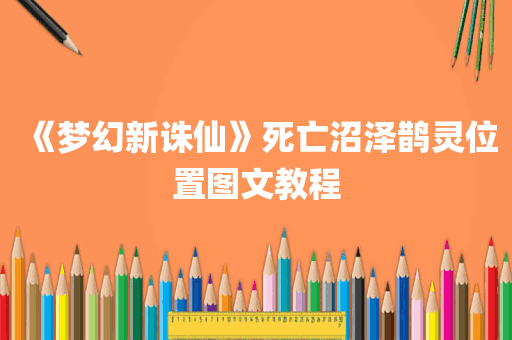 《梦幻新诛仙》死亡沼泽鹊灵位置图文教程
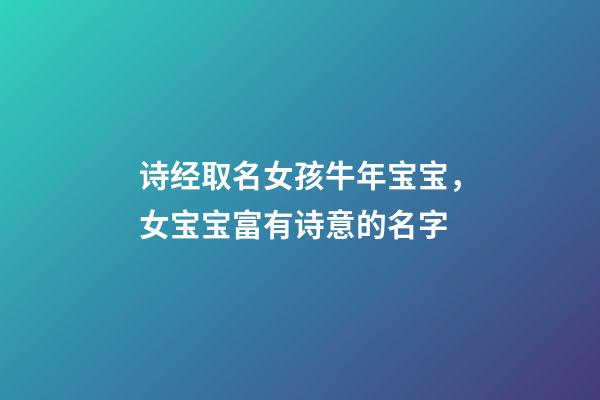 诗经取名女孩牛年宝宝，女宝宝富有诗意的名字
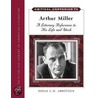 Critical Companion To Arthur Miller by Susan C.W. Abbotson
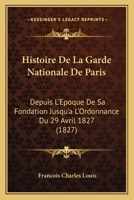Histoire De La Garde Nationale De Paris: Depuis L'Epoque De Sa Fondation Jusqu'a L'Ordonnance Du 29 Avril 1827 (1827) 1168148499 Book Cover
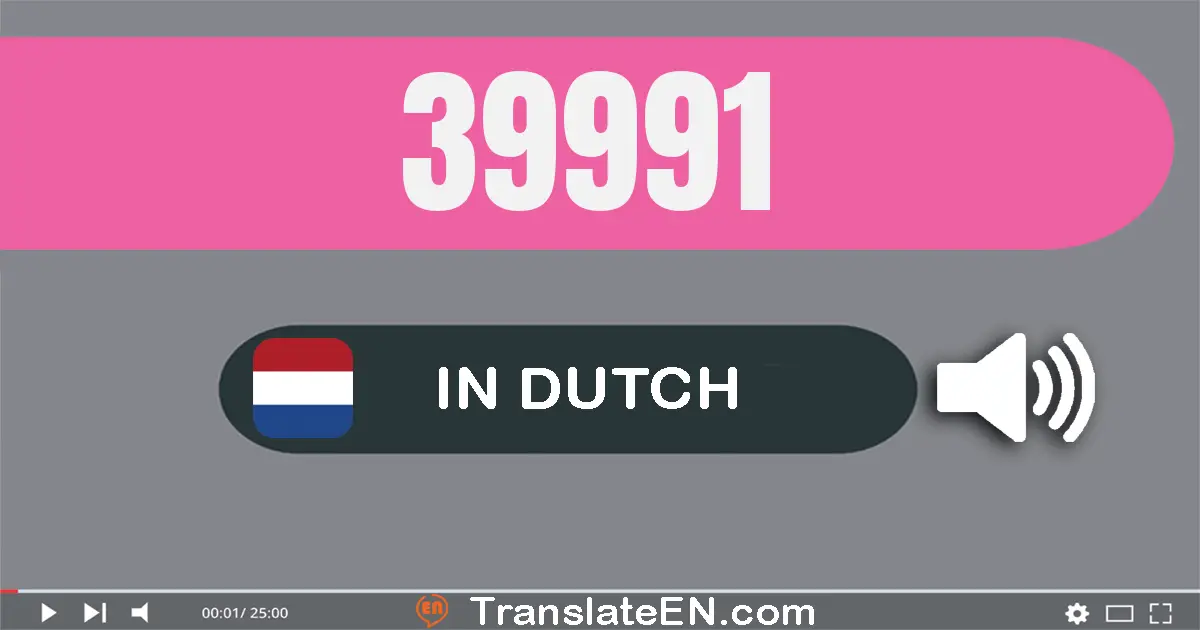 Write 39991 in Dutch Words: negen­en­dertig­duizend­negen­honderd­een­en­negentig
===============
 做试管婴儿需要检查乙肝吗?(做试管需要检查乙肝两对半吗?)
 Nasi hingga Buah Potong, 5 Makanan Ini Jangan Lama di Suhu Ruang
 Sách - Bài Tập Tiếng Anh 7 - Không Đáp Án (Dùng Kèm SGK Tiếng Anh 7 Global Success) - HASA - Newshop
===============
> **ACTIVITY**: Reproduce verbatim only the segment of the listing bounded by the line containing "Nasi hingga Buah" and the line containing "Sách - Bài Tập", with both boundary lines included.

> **TASK RESPONSE**:
 Nasi hingga Buah Potong, 5 Makanan Ini Jangan Lama di Suhu Ruang
 Sách - Bài Tập Tiếng Anh 7 - Không Đáp Án (Dùng Kèm SGK Tiếng Anh 7 Global Success) - HASA - Newshop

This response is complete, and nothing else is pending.